Romania’s ruling coalition lowers legal threshold for referendums

Romania’s ruling coalition lowers legal threshold for referendums

 

By Daniel Stroe – Bucharest

The Social-Liberal Union (USL), the two party ruling coalition in Bucharest, passed a new law today to bring the legal minimum threshold necessary for validating a national referendum from 50 per cent plus one to merely 30 per cent.

With 221 votes against 73, the Chamber of Deputies, Romanian Parliament’s lower chamber, passed the new law today. The President has to sign the bill into law to become effective.

The new draft law carries a heavy political weight since last year the two parties fail to remove President Traian Basescu from office following an impeachment referendum which failed to reach the legal threshold of 50 plus per cent of the registered voters. In July 2012, about 47 per cent of the Romanian voters showed up to have their say concerning Basescu’s impeachment, only three per cent short of the legal minimum turnout.

Even though 87 per cent of the voters voted in favor of impeaching Basescu, Romania’s Constitutional Court invalidated the referendum due to the turnout failing to reach the legal threshold. Basescu, who went through a similar impeaching procedure in 2007, was soon reinstated, to the ruling coalition’s political frustration.

The opposition grouped around the democrat-liberals, Basescu’s party, opposed the new bill and asked for re-evaluation by the Parliament’s specialty committees, a proposal which was rejected by the large social-liberal majority.

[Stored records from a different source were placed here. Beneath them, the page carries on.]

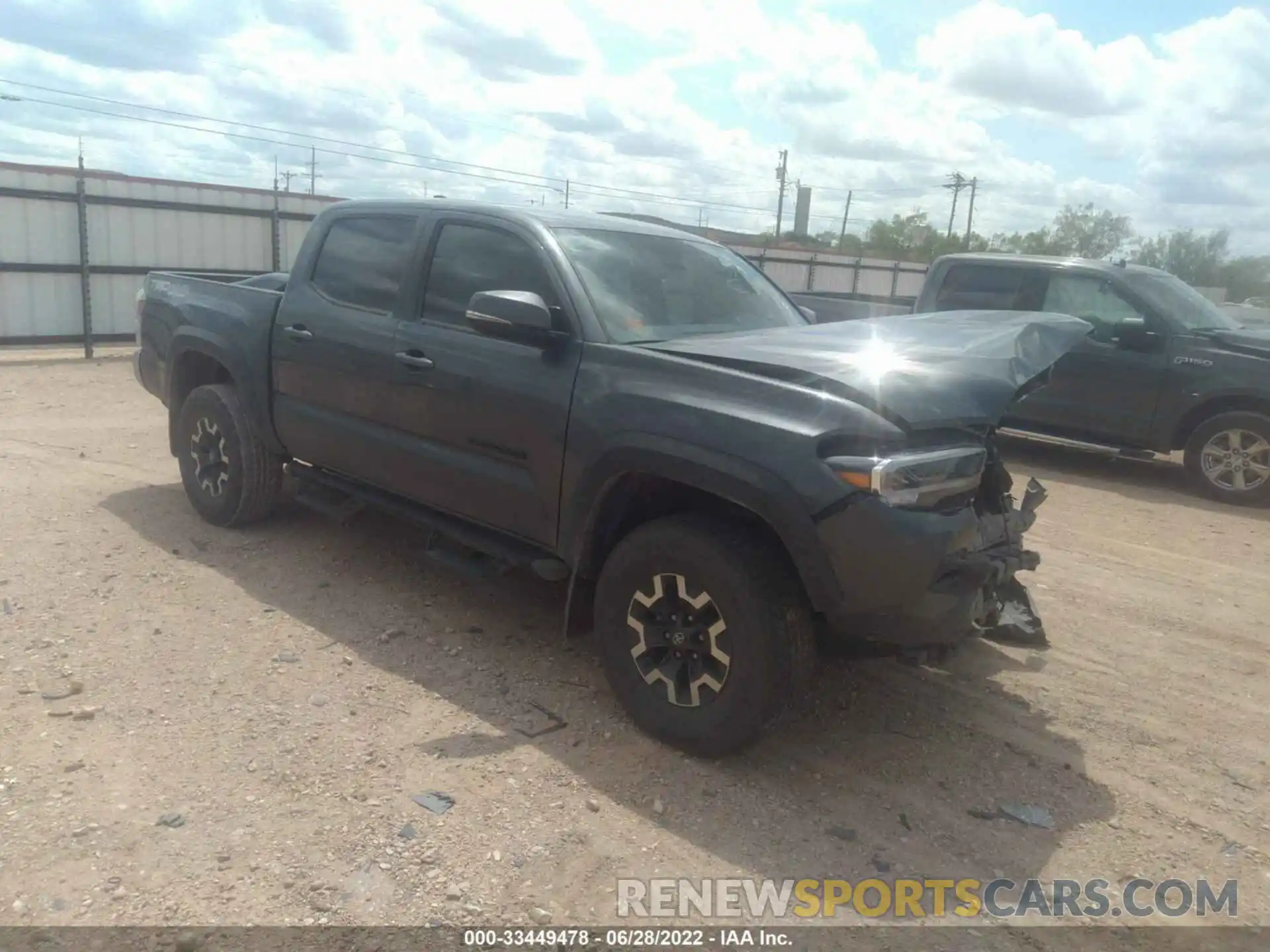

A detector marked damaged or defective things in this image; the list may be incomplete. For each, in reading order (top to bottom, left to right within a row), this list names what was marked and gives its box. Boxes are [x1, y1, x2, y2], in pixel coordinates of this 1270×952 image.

damaged gray pickup truck [136, 203, 1092, 762]
crumpled hood [645, 311, 1092, 431] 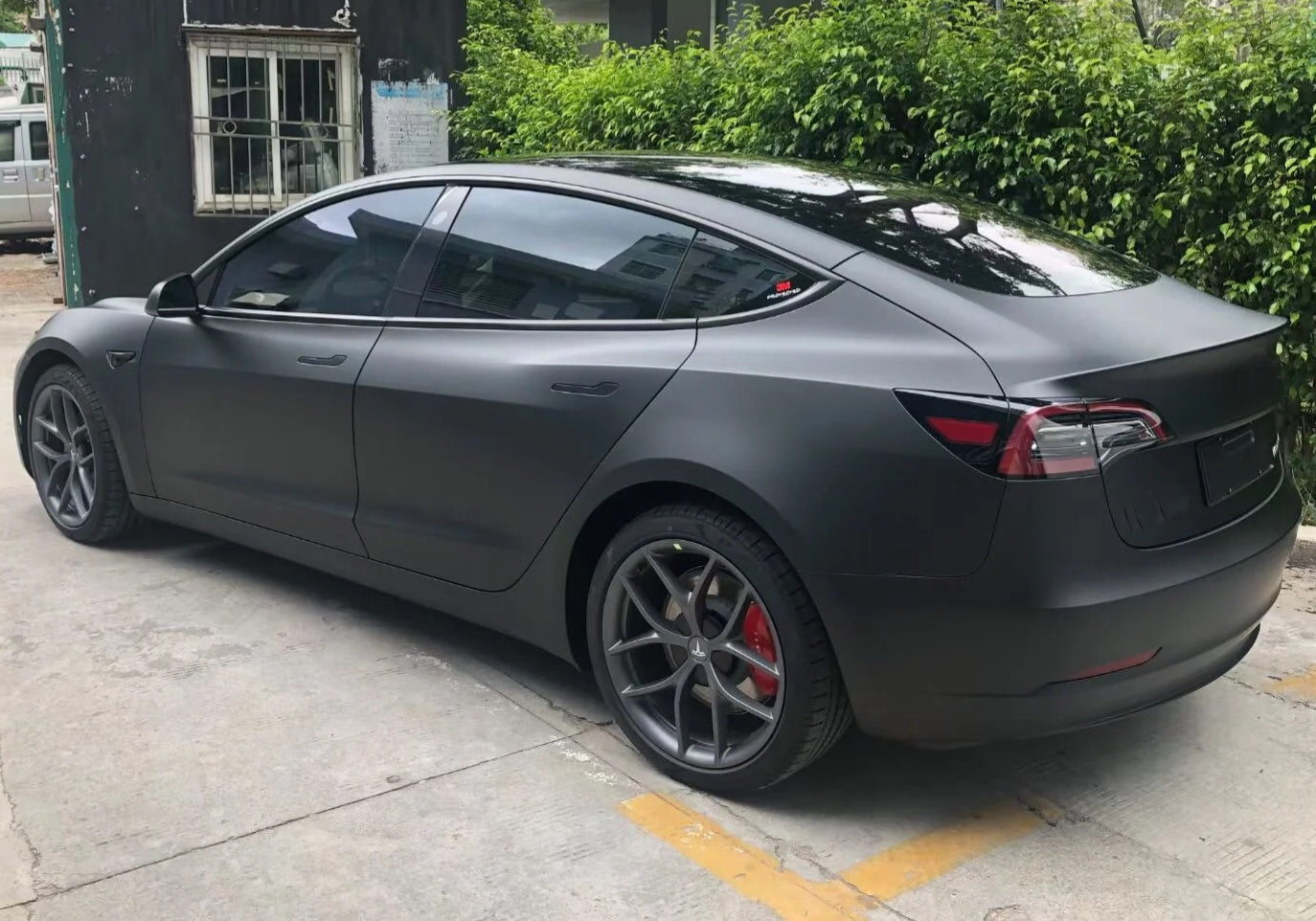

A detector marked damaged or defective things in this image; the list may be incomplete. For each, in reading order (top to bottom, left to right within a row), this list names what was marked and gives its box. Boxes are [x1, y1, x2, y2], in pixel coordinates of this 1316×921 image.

cracked concrete ground [2, 271, 1316, 915] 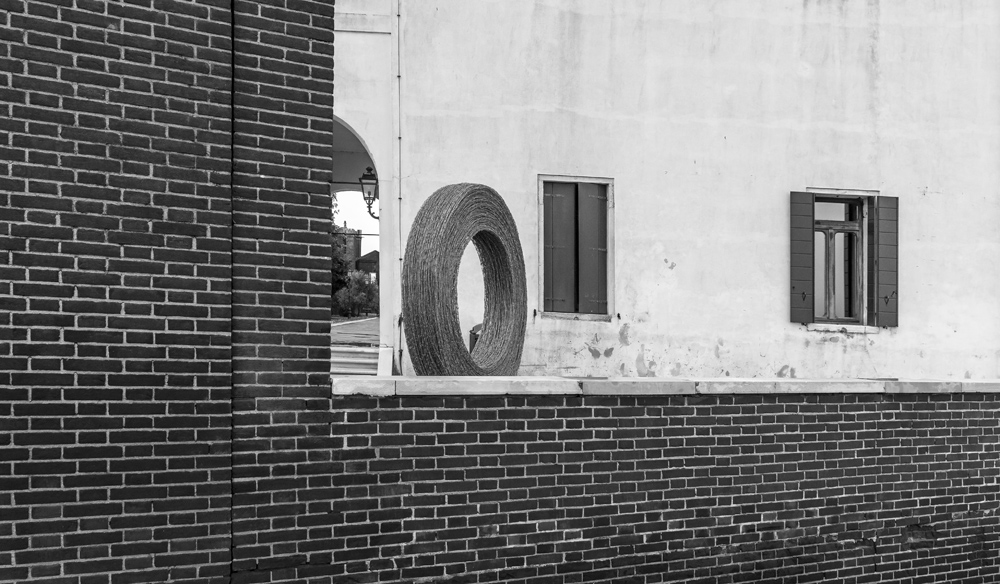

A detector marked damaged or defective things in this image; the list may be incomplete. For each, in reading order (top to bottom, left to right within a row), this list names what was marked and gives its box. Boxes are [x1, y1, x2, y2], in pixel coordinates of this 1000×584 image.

peeling plaster patch [616, 324, 632, 346] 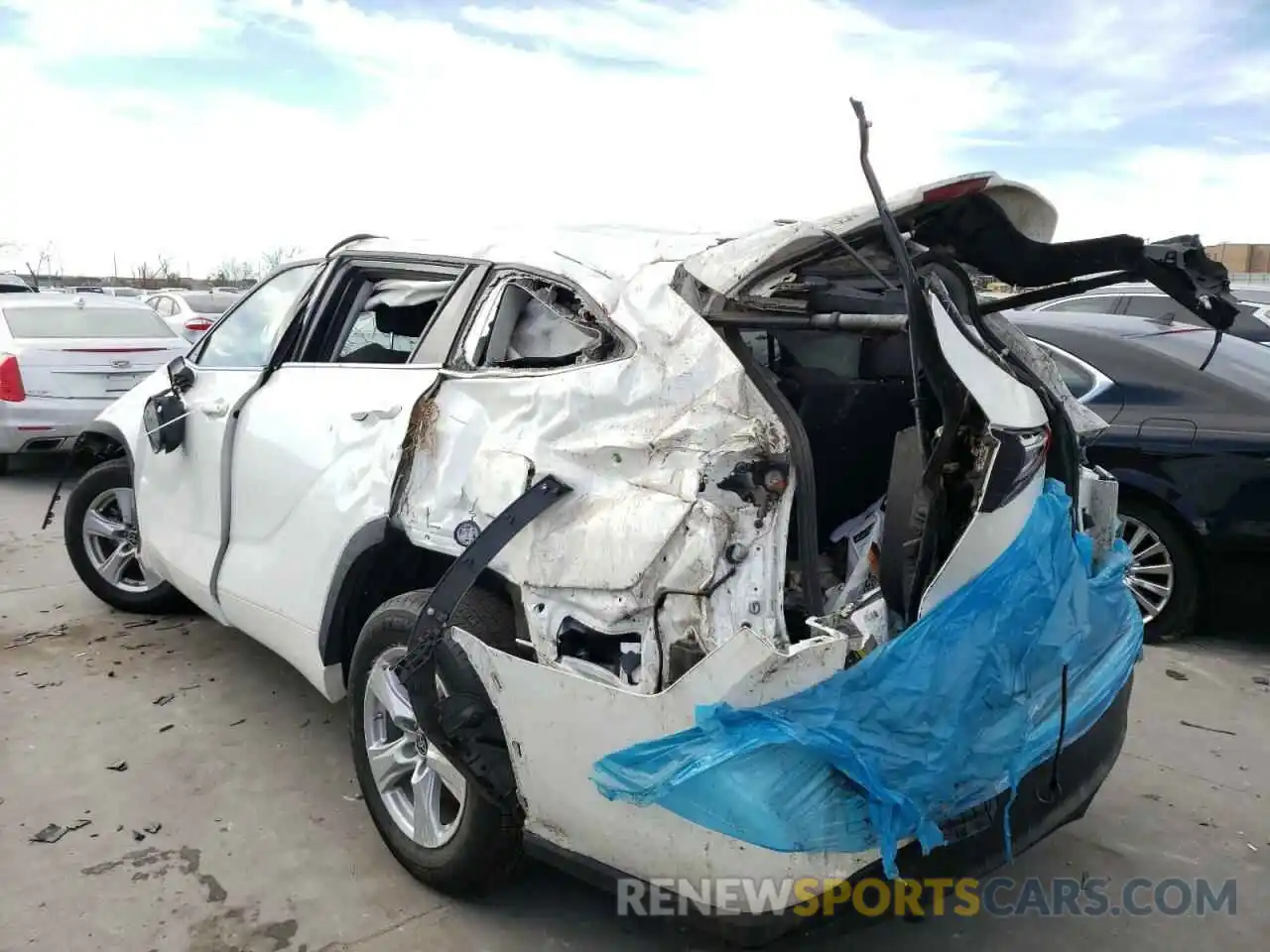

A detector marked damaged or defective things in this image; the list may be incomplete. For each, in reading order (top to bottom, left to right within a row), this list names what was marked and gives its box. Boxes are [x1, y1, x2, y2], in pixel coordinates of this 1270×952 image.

broken tail light [921, 177, 992, 204]
shattered window [476, 278, 615, 371]
broken tail light [0, 355, 25, 403]
broken tail light [976, 426, 1048, 512] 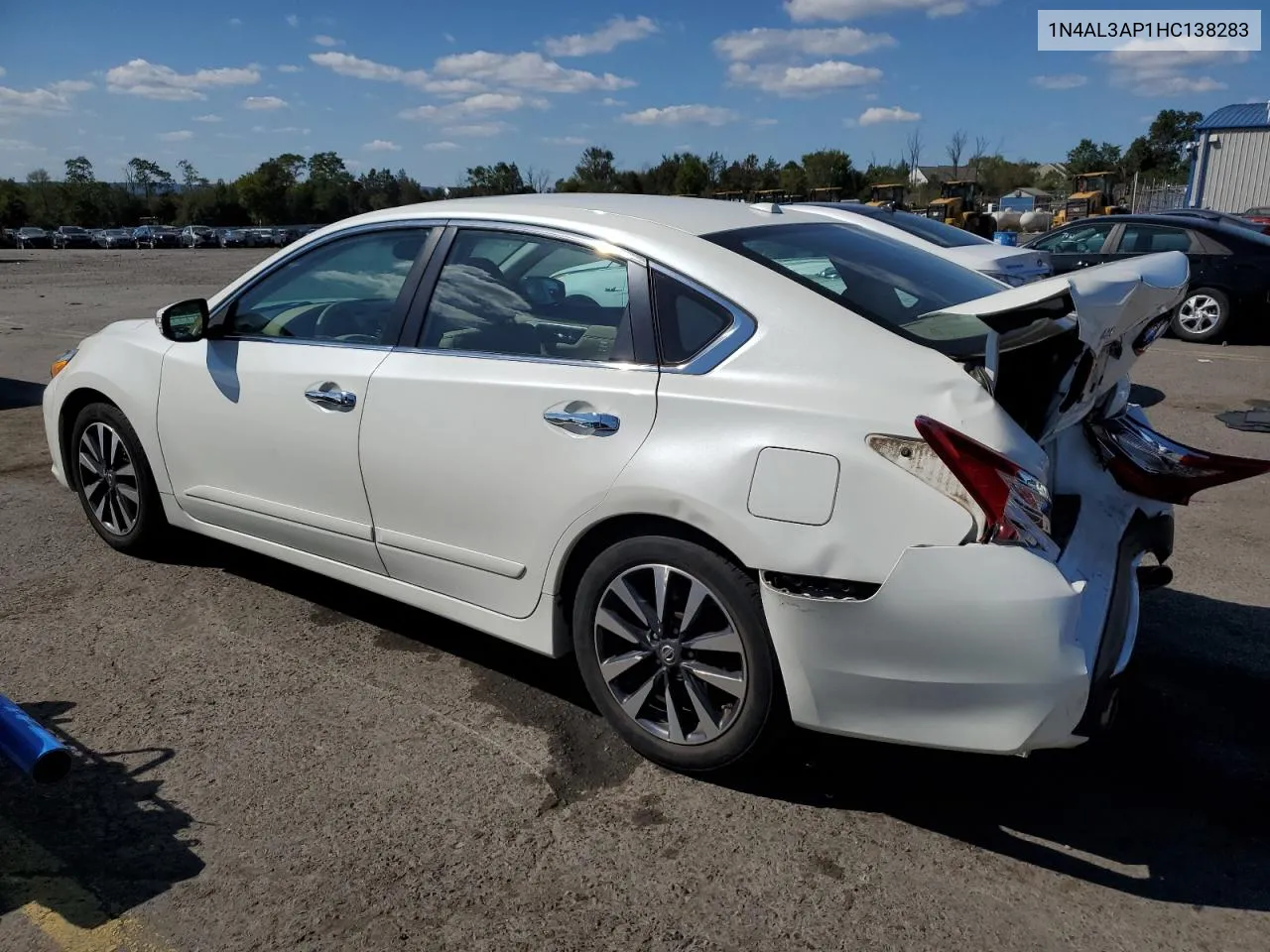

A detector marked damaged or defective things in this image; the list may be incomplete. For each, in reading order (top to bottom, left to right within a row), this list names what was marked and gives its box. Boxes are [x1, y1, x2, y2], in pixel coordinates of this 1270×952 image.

broken taillight lens [919, 416, 1056, 563]
broken taillight lens [1081, 416, 1270, 508]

In return, the democrat-liberals said they would file a complaint to the Constitutional Court.

The new bill says a referendum can be validated if 30 per cent of the registered voters show up at the ballots, unlike the 50 per cent plus one as the law currently stipulates. Moreover, the results of the referendum are validated if the favorable votes count for 25 per cent of the registered voters.

Other than a renewed attempt to remove Basescu from power, which is highly unlikely to happen again since the EU heavily criticized last year’s ensuing political crisis, the biggest stake of the new law is to easily ensure the passage of a new Constitution which USL also has in sight. The new fundamental law would seriously curb the powers of the head of the state and would introduce a new regional division of the country with a view to ease EU funds absorption.

Anyway, the draft law was rushed through the Parliament, unlike other bills which sometimes drag on for months or years till they reach the voting session which gives a glimpse of the political stake it carries. The bill was submitted on 16 April in the Senate, approved on 21 May, and then sent to the Chamber of Deputies which has given it the green light today.